# DATA FOR ANALYSIS:
--- START ---

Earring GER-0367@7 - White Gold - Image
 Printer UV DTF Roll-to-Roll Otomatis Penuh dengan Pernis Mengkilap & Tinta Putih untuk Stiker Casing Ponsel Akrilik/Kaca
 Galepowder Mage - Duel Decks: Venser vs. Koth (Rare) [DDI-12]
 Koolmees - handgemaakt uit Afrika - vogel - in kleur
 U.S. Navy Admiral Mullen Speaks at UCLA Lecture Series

--- END ---

# INSTRUCTIONS FOR THE TASK:
Transcribe the full listing. Change nothing.

# RESULT OF THIS TASK:
Earring GER-0367@7 - White Gold - Image
 Printer UV DTF Roll-to-Roll Otomatis Penuh dengan Pernis Mengkilap & Tinta Putih untuk Stiker Casing Ponsel Akrilik/Kaca
 Galepowder Mage - Duel Decks: Venser vs. Koth (Rare) [DDI-12]
 Koolmees - handgemaakt uit Afrika - vogel - in kleur
 U.S. Navy Admiral Mullen Speaks at UCLA Lecture Series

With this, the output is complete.